In GRPO, the batch size is measured in terms of completions (i.e., model-generated outputs). For example, setting per_device_train_batch_size=8 means that each GPU processes 8 completions for loss calculation during training.

During the training phase, the total effective batch size in a full gradient accumulation step equals:

effective_batch_size = num_processes * per_device_train_batch_size * gradient_accumulation_steps

During the sampling phase, the total batch size (completion-level) depends on the following:

If generation_batch_size is set, the total equals generation_batch_size.
If steps_per_generation is set, the total equals steps_per_generation * effective_batch_size.
By default, it equals the effective batch size: num_processes * per_device_train_batch_size * gradient_accumulation_steps. During evaluation, the number of completions equals:

num_processes * per_device_eval_batch_size

The parameter num_generations must be divisible by the total batch size used in sampling and evaluation to ensure even distribution across devices.

Example

num_processes = 8
per_device_train_batch_size = 4
gradient_accumulation_steps = 8
generation_batch_size = 512
num_generations = 64

Total prompts needed for sampling: 512 / 64 = 8
Generate 512 responses from the model per sampling step
Model update batch size: 8 * 4 * 8 = 256

3. Why did KL result in NaN?

With overlong_filter enabled, all completions on a certain GPU were truncated.

4. How is the training steps calculated?

Refer to issue.

5. Why is the clip ratio always 1?

The core purpose of the clip mechanism is to limit the magnitude of policy updates to prevent policy performance collapse due to excessively large updates (i.e., a drastic decline in performance after policy updates). The specific formula for the clip operation is as follows:

$L_{\text{CLIP}}(\theta) = \mathbb{E}_{t} \left[ \min\left(r_{t}(\theta) \hat{A}_{t}, \text{clip}(r_{t}(\theta), 1 - \epsilon, 1 + \epsilon) \hat{A}_{t} \right) \right]$

Where: $r_{t}(\theta) = \frac{\pi_{\theta}(a_{t} \mid s_{t})}{\pi_{\text{old}}(a_{t} \mid s_{t})}$ is the importance sampling ratio, which measures the difference between the new and old policy. $\hat{A}{t}$ is the advantage function, representing the relative return of the action. $\epsilon$ is used to limit the deviation range of $r{t}(\theta)$.

In the on-policy training process, since each update uses data generated by the latest policy, the new and old policies are the same, i.e., $\pi_{\theta} = \pi_{\text{old}}$.

Thus, the importance sampling ratio is always 1, and the clip operation does not take effect.
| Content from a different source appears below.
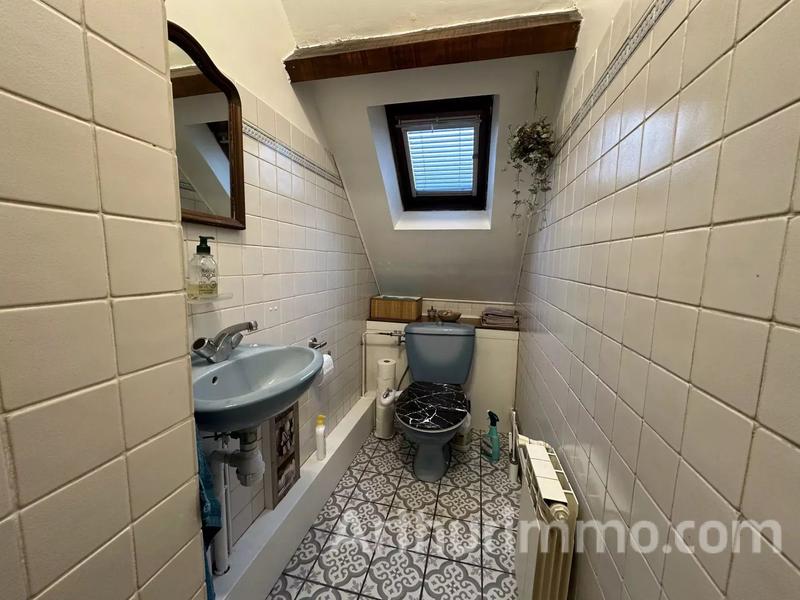 Maison - 189 m² - 8 pièces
The algorithm becomes off-policy (near-on-policy) under the following parameter settings:

num_iterations > 1
gradient_accumulation_steps % steps_per_generation != 0

Refer to issue.

6. Why is there a validation process even when val_dataset is not set, and how can I disable it?

When val_dataset is not explicitly passed, the split_dataset_ratio parameter is responsible for splitting part of the dataset into a validation dataset, which defaults to splitting 1% of the data. (In "ms-swift>=3.6", the default value of split_dataset_ratio will be changed from 0.01 to 0.)

To disable the validation process, set --split_dataset_ratio 0.

7. How to set the training mini-batch size

In GRPO training, we can configure mini-batch updates in the following two ways:

Configuration options:
- Set generation_batch_size to be an integer multiple of the training global batch size.
- Or set steps_per_generation to be an integer multiple of gradient_accumulation_steps.
Typical configuration example: When configured with: steps_per_generation = 16 gradient_accumulation_steps = 8

The results from one rollout will be split into two mini-batch updates.